Mental Health Representation in Games

When playing a game, you become immersed in the characters you play as. We often get asked, when those characters have mental health issues, how realistic are they? Are they good portrayals, or bad?
This is so important. Representing a mental health issue in the correct way – that is, empathetic and accurate – has an enormous power to raise awareness, reduce stigma, and to encourage vulnerable people to seek help.
Mental Health Issues Are Very Prevalent But Undertreated
- 25-50% of people will have a mental health issue in their lifetime
- 2/3 of those affected never get professional help
Mental Health Issues are Hugely Stigmatised
- 24% of people would feel “fearful or uneasy” around a person with mental health issues
- 46% of people believe mental illness is an excuse for bad behaviour
- People with mental illness are 10x more likely to be a victim of violent crime
Media Representations of Mental Illness Influence Perspective
- Inappropriate and harmful representations increase prejudice and discrimination
- Accurate and sympathetic portrayals increase awareness and promote help-seeking behaviour
How To Do It Right: LAPSES
Examples
1. Games that Represent Mental Health Well
Hellblade
Hellblade: Senua’s Sacrifice is a dark fantasy action-adventure game developed and published by Ninja Theory.
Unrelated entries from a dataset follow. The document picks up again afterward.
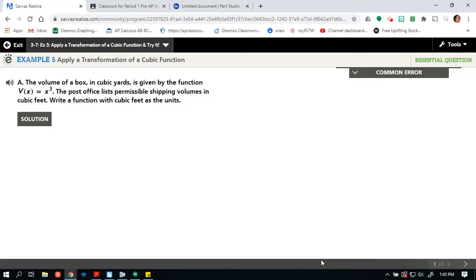Hello everybody and welcome to another fantastic Envisions Algebra 2 video. I know you guys are super excited about doing this. We're looking at Topic 3, Lesson 7, Example 5, Apply a Transformation of a Cubic Function, and then we're going to try it.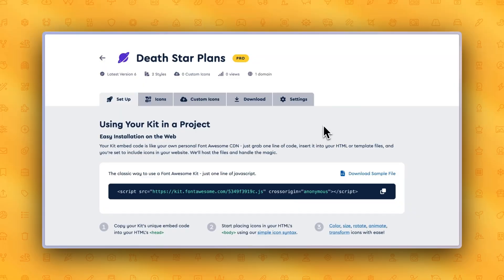OK, so to recap: you've learned how to create your first Font Awesome Kit, use your kit in your project, and update any necessary edits to your kit settings. See? It was super easy, and now it's your turn to go make something awesome.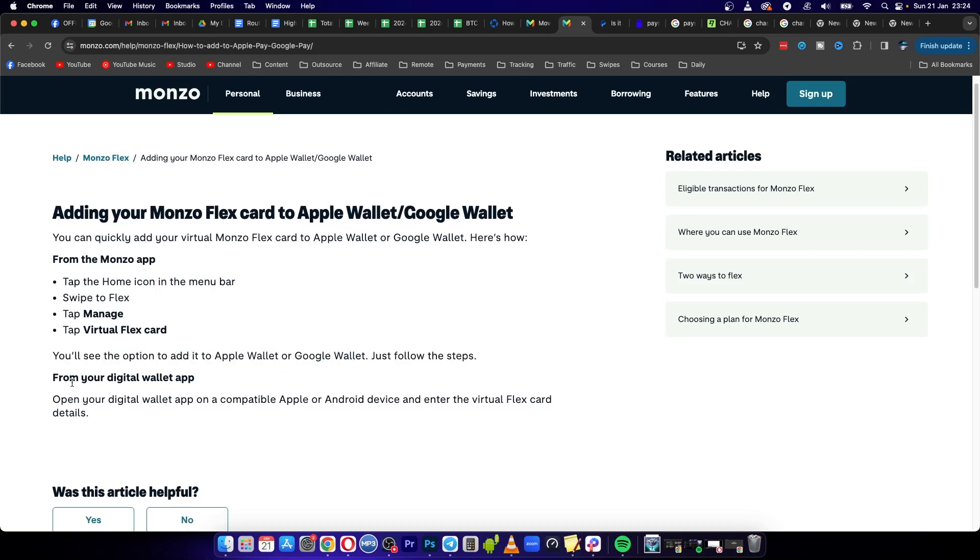Now if you want to do it straight from your iPhone, open your Apple Wallet and enter the virtual Flex card details that you have.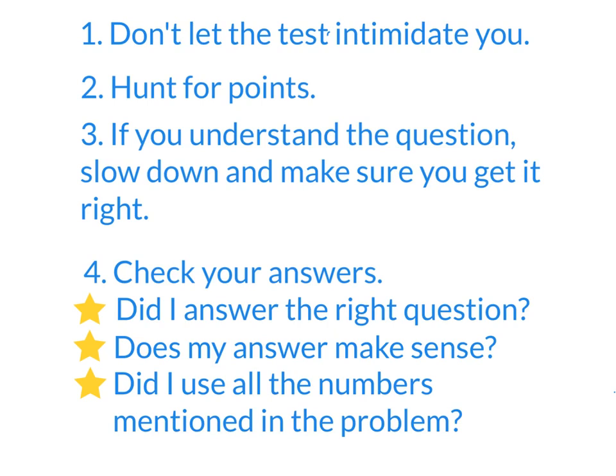We're going to have some videos with some specific techniques on different types of questions coming up. But if all you had time before the test was to watch this, this may be enough to get you through.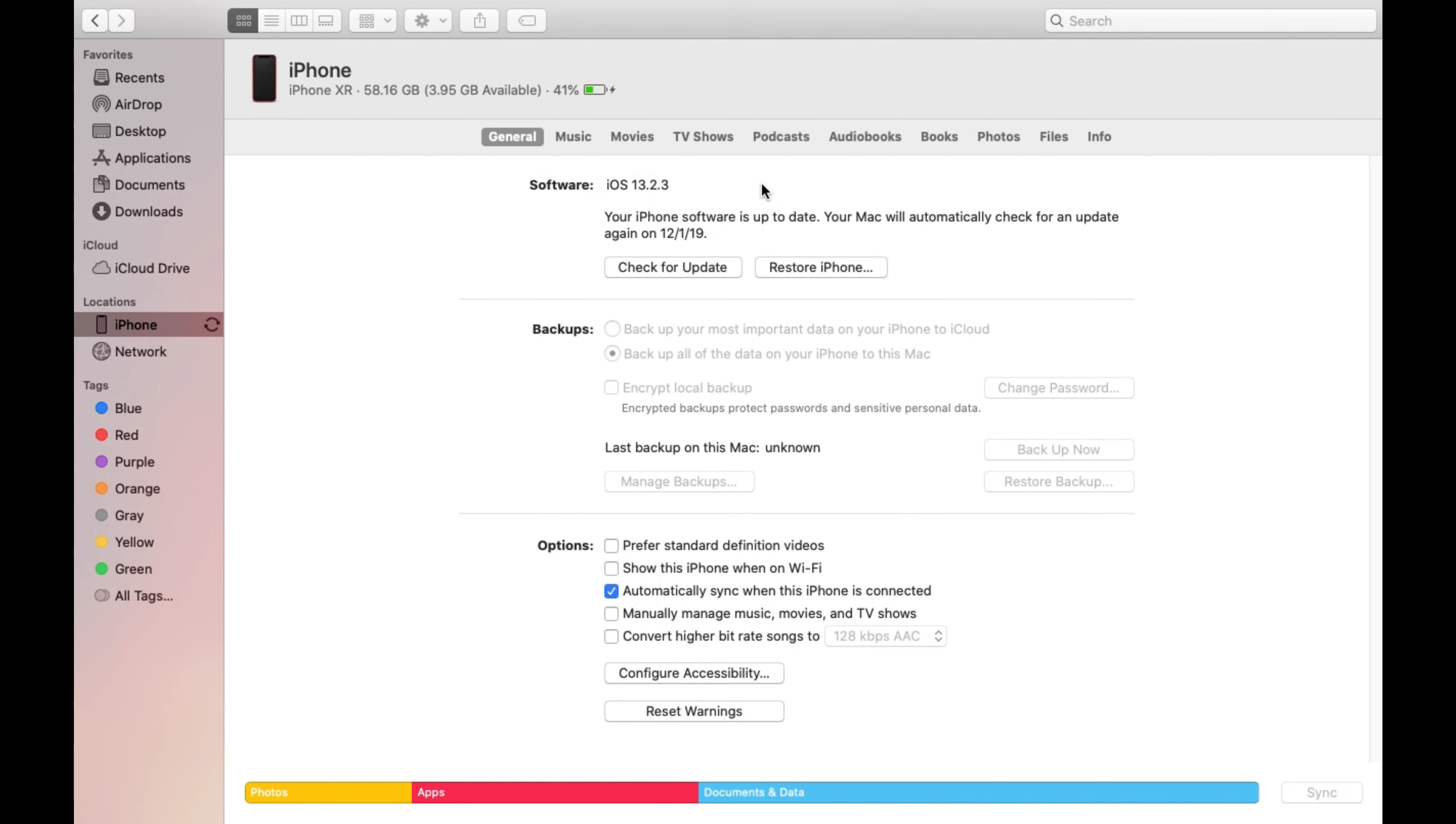Alright so what you're going to notice on the left side where it says iPhone you're going to see a first spinning circle arrow looking thing and then it's going to convert into a circular time lapse circle basically. So once that process finished then right where it says manage backups and backup now all of those buttons are going to come back to life.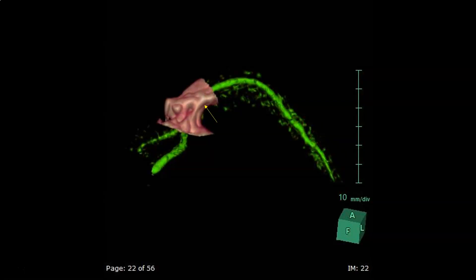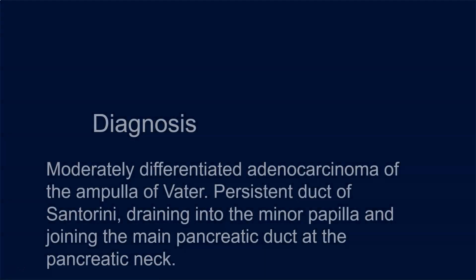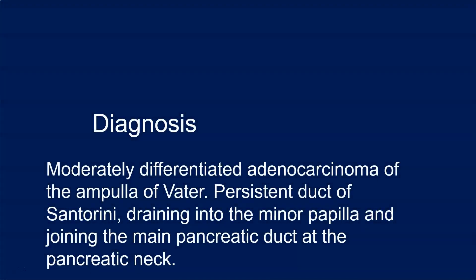Now the surgeons know that at the concavity formed at the pancreatic parenchyma by the superior mesenteric vein — a very good landmark — the duct of Santorini joins the main pancreatic duct. Accordingly, the plane of section could be at the part of the pancreatic body immediately next to the pancreatic neck. The diagnosis is moderately differentiated adenocarcinoma of the ampulla of Vater, with a persistent duct of Santorini draining into the minor papilla and joining the main pancreatic duct at the pancreatic neck.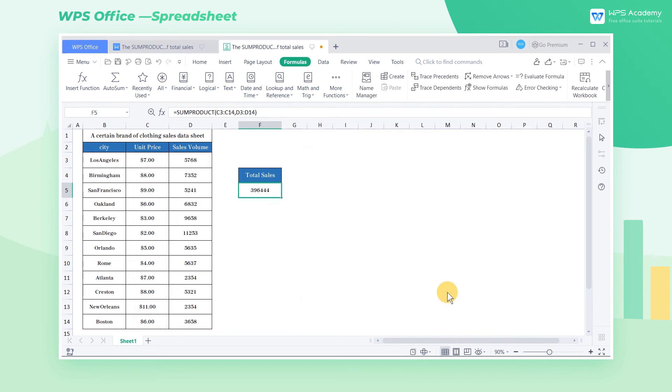Click OK to get the total sales of the clothes for all cities. Now you can practice using the sum product function by yourself. Did you get it?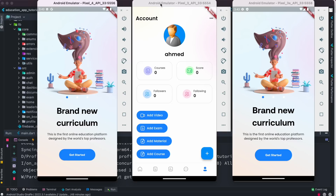Hello everyone, Assalamu Alaikum! I'm very excited to share our new BLoC TDD with Clean Architecture course. We are almost done with the project and are at the last phase of coding and restructuring, after which we'll be launching the course. If some of you want access to the code ahead of time, you can get it from the link below.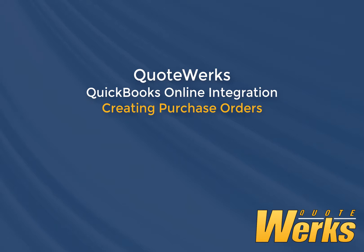In this video, I'll show you how easy it is to create purchase orders in QuickBooks Online from items that you have sold using QuoteWorks.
Use of Mental Health Themes
The game uses the sound design, environment, plot and puzzle elements to communicate to the player the experience of psychosis. It’s a powerful and moving game, which is exceptionally rewarding. It was designed using input from people with lived experience of psychosis, and as such, may be harrowing for some players.
Life is Strange
Life Is Strange is an episodic graphic adventure video game developed by Dontnod Entertainment.
Use of Mental Health Themes
Many of the characters display signs of mental health issues, including both the protagonist, Max, and her best friend Chloe. This isn’t overtly clarified but there are realistic themes communicated, and the characters are nicely rounded. There is a link in the game to help-seeking resources.
Actual Sunlight
Actual Sunlight is a short interactive story about love, depression and the corporation.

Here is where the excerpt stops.